The fortress may have formed part of the great walled precinct that defended the city and was attached to the northeast wall. One passes through a gate into the central area of the alcazaba, which has a court of arms and a pair of towers. The towers there are taller than the remaining towers in the castle and may have served as lookouts. To the east are the remains of the alcazar with its two marvelous cisterns, one of which has two barrel-vaulted aisles like the one in the Alcazaba de Granada.
The castle was temporarily conquered by Alfonso VIII, and later endured seven consecutive assaults by the Moors and Christians until in 1223 it fell permanently into Castilian hands and became the property of the military orders. In the fifteenth century, Trujillo fought on the side of La Beltraneja, and it was here that the treaty ending those disturbances was signed.
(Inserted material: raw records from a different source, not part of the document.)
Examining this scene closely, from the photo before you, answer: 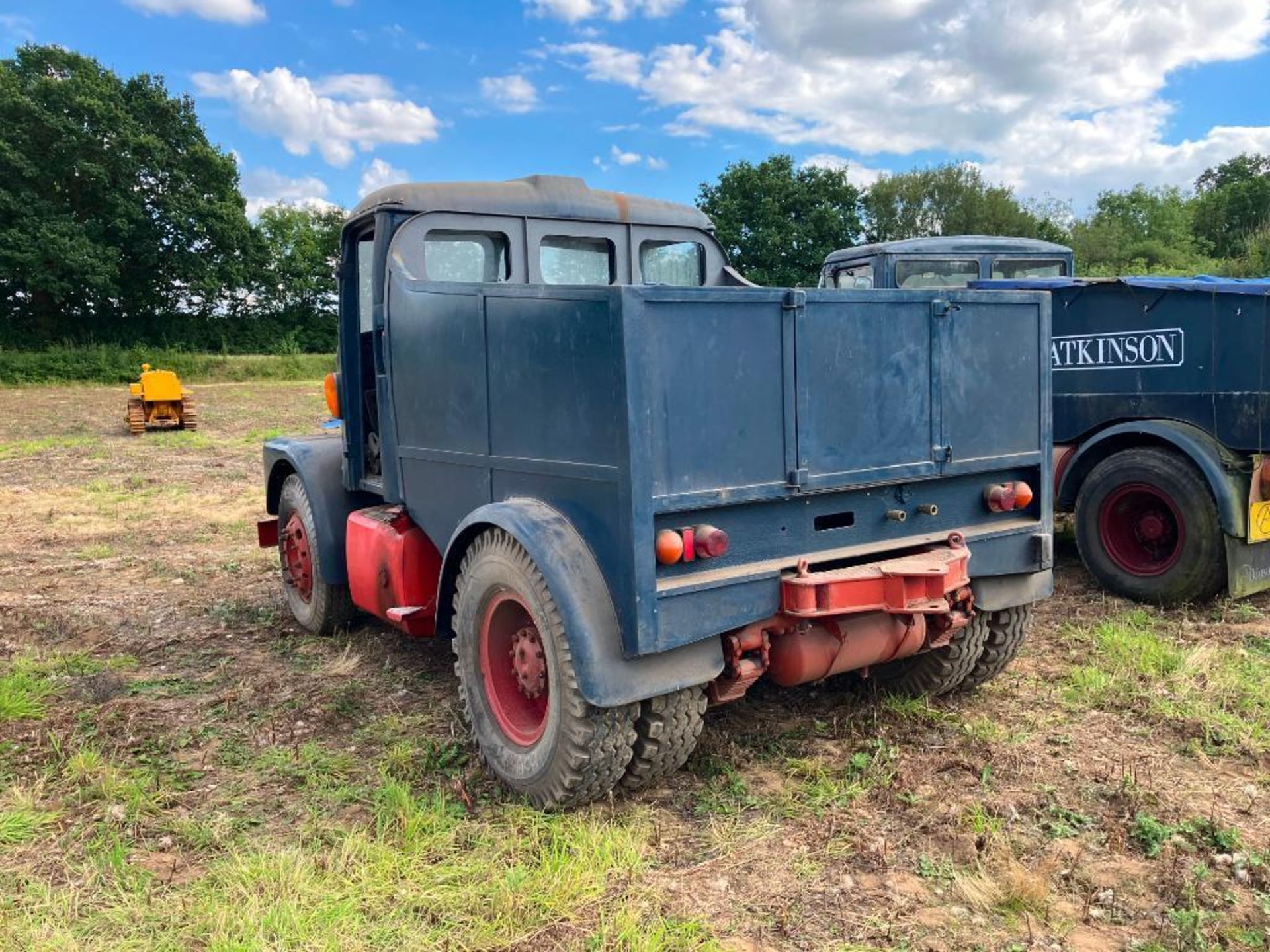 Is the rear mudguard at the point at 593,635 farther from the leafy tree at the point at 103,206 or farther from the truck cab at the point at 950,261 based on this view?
the leafy tree at the point at 103,206

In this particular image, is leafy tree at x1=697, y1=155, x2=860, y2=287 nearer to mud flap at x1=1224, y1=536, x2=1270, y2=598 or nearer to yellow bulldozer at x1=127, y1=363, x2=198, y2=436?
yellow bulldozer at x1=127, y1=363, x2=198, y2=436

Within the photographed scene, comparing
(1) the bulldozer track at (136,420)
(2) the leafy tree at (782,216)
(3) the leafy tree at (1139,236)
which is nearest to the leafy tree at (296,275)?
(2) the leafy tree at (782,216)

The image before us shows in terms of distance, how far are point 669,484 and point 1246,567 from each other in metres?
4.12

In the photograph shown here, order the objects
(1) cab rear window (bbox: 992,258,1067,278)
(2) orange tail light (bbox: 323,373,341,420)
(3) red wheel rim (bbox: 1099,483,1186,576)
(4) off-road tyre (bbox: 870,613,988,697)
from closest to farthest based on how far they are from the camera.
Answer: (4) off-road tyre (bbox: 870,613,988,697) < (2) orange tail light (bbox: 323,373,341,420) < (3) red wheel rim (bbox: 1099,483,1186,576) < (1) cab rear window (bbox: 992,258,1067,278)

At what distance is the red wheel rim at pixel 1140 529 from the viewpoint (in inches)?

Susan Sweeney, 35, from Texas, USA, wrote:
The thing that I found most intriguing about Trujillo (after its role in the affairs of Queen Isabella, particularly the early courtship with the Portuguese King where the city/castle were used as glue to entice him into the relationship) was the chapel to be found in the turret. The Virgin of Trujillo spends her days gazing out the window over the town below and her back is to the worshipers in the chapel. However, you may place a coin in the wall and she will turn and face inward for a few moments during which your prayers may be offered to her face. Of my experiences regarding castles in Spain and elsewhere, this was unique. The famous tree in the courtyard is spectacular as you enter as well. It is framed perfectly by the Moorish archway and makes a lovely photograph if you can get it.